_GIVEN DATA_.
************

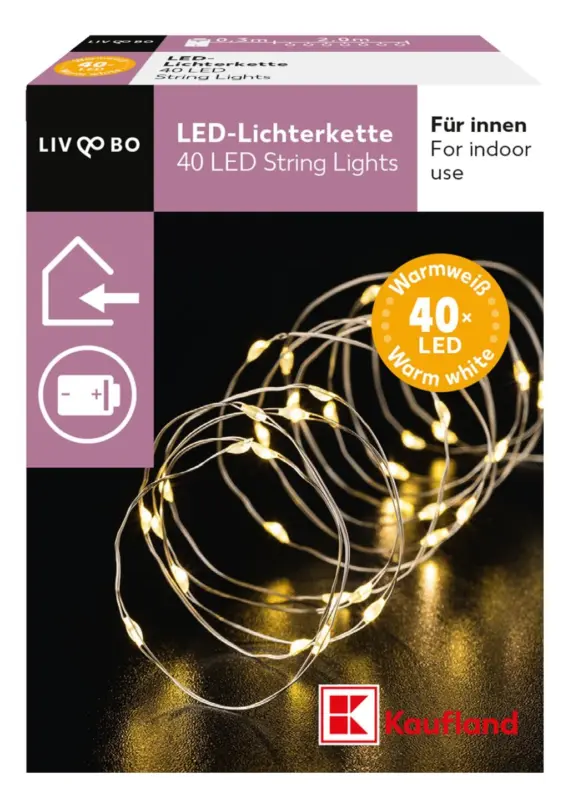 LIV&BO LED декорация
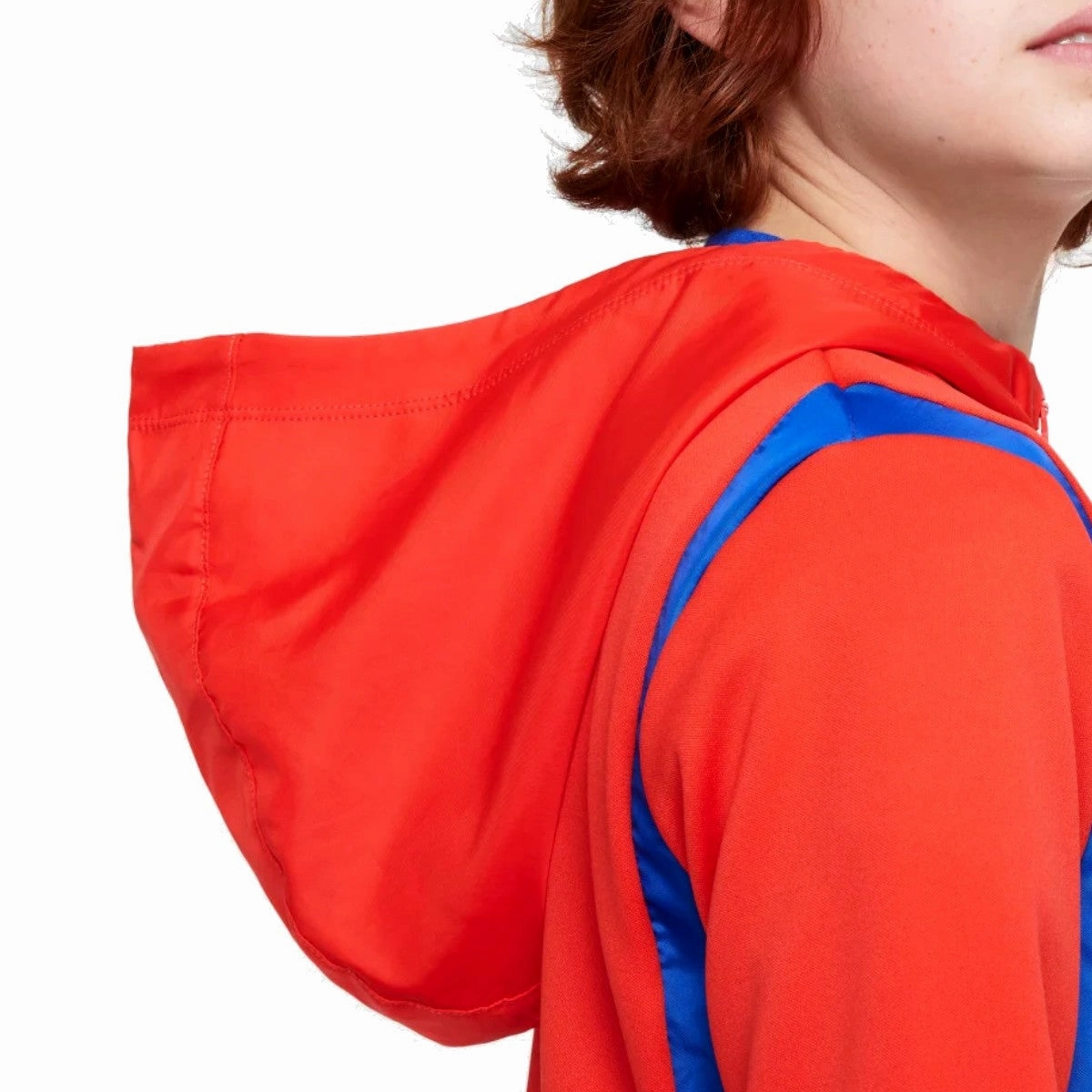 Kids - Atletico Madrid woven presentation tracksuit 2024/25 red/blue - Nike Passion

************

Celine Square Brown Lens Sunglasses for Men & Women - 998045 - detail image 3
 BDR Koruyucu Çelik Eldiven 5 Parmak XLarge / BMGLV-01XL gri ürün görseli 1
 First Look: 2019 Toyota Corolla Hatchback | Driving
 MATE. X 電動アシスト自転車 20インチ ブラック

************

_WHAT THE TASK REQUIRES_.
Using the records above, restate word for word the lines from the one with "BDR Koruyucu Çelik" through the one with "MATE. X 電動アシスト自転車 20インチ ブラック", both included.

_THE COMPLETED TASK_.
 BDR Koruyucu Çelik Eldiven 5 Parmak XLarge / BMGLV-01XL gri ürün görseli 1
 First Look: 2019 Toyota Corolla Hatchback | Driving
 MATE. X 電動アシスト自転車 20インチ ブラック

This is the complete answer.